Let me know what you think...


----------



## JNLP (Dec 13, 2007)

Looks sweet. I could see that working really well in one of your antique mirrors. Maybe a long mirror with round top/bottom, and use something like that on the top & a flipped one on the bottom. :thumbup:


----------



## boman47k (May 10, 2008)

Intersting. I watched the videos you posted the links to, but I did not know that was you. Very interesting stuff you do. Looks like it might be something I might want to learn and do in the shop at some point. I have been meaning to give it some more thought as to what the market might be around here for it.


----------



## FoilEffects (Dec 19, 2007)

Well I can tell you that I have no compitition, can write my own ticket as far as price. As a painting and decorative painter for 22 years I got sick of the day to day BS of getting outbid by someone doing painting for $.65 sf. Faux finishing used to be a great business as well but now everybody and there brother is doing it which has just destroyed the market! I dont see many people getting into this fulltime or stopping what they are doing to do this for a living! I have made as much as $100 per sf doing this and the people and designers that I deal with dont even say anything about large bills or add ons (cant say the same about paint!).
Now I have been playing with mirrors since I was 12 as my great grandfather did this for a living and my grandfather taught me when I was a kid. Over the years I had not done much with it til about 8 years ago when I was watching a movie that involved a large antiqued mirror and my wife said man that is cool! I looked at her and said I can do that and the next day started playing again with my grandfathers old formulas... Now I am doing this full time and I work from HOME!!!


----------



## boman47k (May 10, 2008)

> Now I am doing this full time and I work from HOME!!!


Thats what I'm talking about. I used to enjoy working in the shop when I did a little simple woodwork. 
What market do you concentrate on? Offices? Homes? Commercial?
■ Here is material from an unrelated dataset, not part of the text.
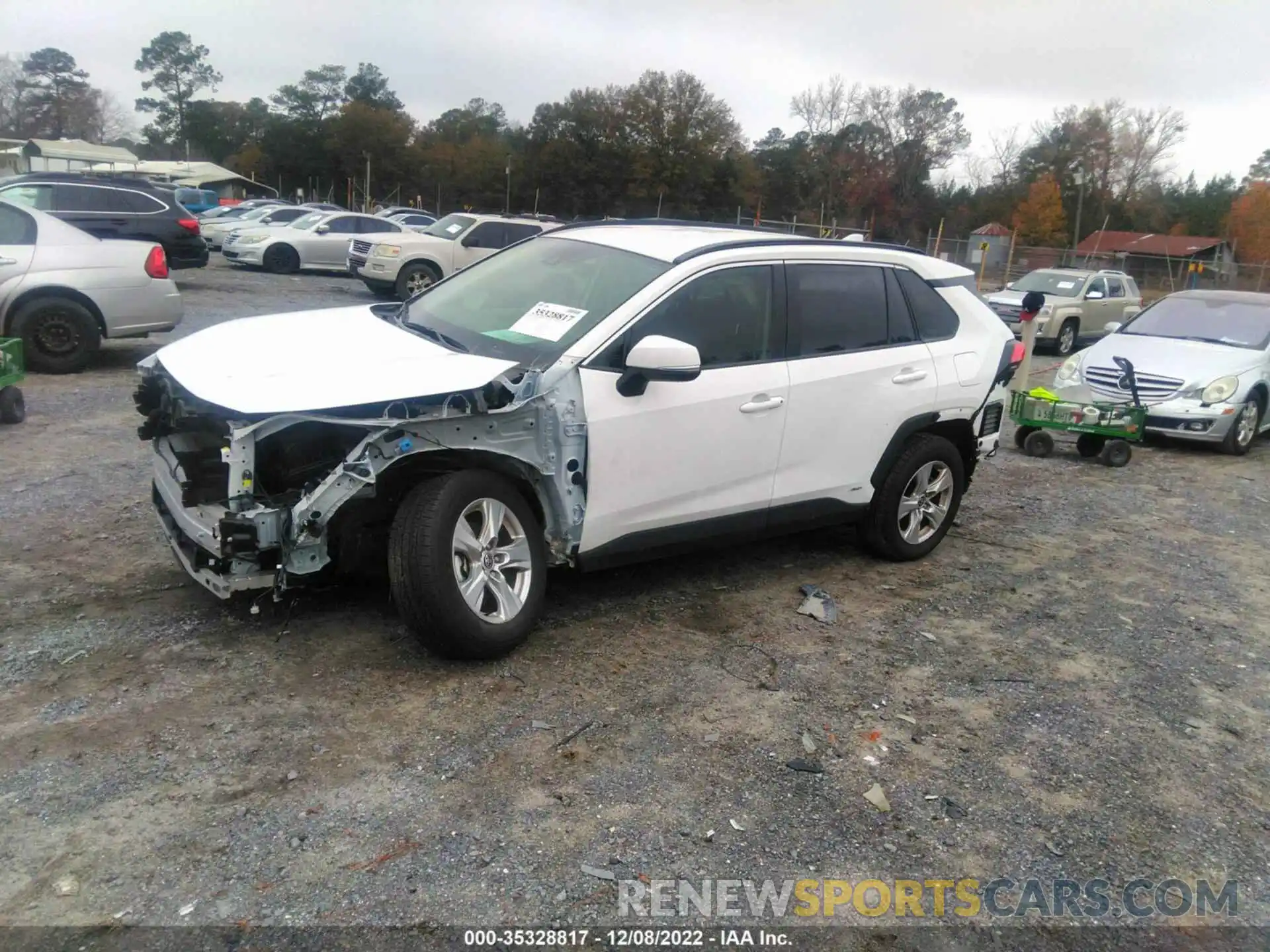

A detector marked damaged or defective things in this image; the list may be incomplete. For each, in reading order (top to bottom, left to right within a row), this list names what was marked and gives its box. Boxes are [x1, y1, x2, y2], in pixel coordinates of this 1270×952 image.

Much trouble with the chem's gettingt on the front of the glass? I guess it wipes off?


----------



## FoilEffects (Dec 19, 2007)

I do all markets, mostly selling antique mirror glass and custom design stuff when it is called for. Sure mirroring solutions get on the front but I designed a chemical for removing silvering. The stuff just dissolves the silvering off the mirror.


----------



## boman47k (May 10, 2008)

Are the letters and or artwork vynle? Can you do like tollhouse painting then do the mirroring?


----------



## FoilEffects (Dec 19, 2007)

The scrollwork in the above mirror is mirrored onto the glass using spray mask. I have a plotter (like you use for cutting car vinyl) to do my designs. My entire setup was a little better than 15K with all the supplies, computer, plotter, vinyl, printers, custom paper for doing transparicies (as seen above). It really is not something that most could jump right into and I have had one heck of a learning curve over the last 8 years prior to being able to take off on this full time. I do high end custom home shows in order to gain interest in the mirrors and normally I make 3xs the cost of admission straight from those shows. Sometimes it is a very frustrating profession as I just got done paying a glass company to cut me 8" x 8" clear glass 1/4" tiles for a backsplash and I mirrored all of it and then when I went to photo the layout for the homeowner realized that none of them were 8" x 8" and it did not lay out right! That was 2 days worth of work just to have to re-do it!
Below is my 2 most popular antique mirror finishes on glass and I can mirror a tile in about 6 minutes (I do 10 at a time). Cost for these are $45 per sq ft which goes down over 100 sf to $39 per sq. ft. My normal job size is 25-50 sq ft and I do about 400 sf a month, but it has picked up quite a bit here in Illinois -vs- Florida.


----------



## JNLP (Dec 13, 2007)

I like that second one. Why don't you just cut your own glass? Not that expensive or hard, could save you some $ and time waiting I would think.


----------



## boman47k (May 10, 2008)

I have been reading these forum for a good while now. Somewhere along the way, I kind of stopped paying attention to who says what except the names that became familiar to me at the start. After reading some of your old posts and seeing your work, I will pay more attention to your posts. 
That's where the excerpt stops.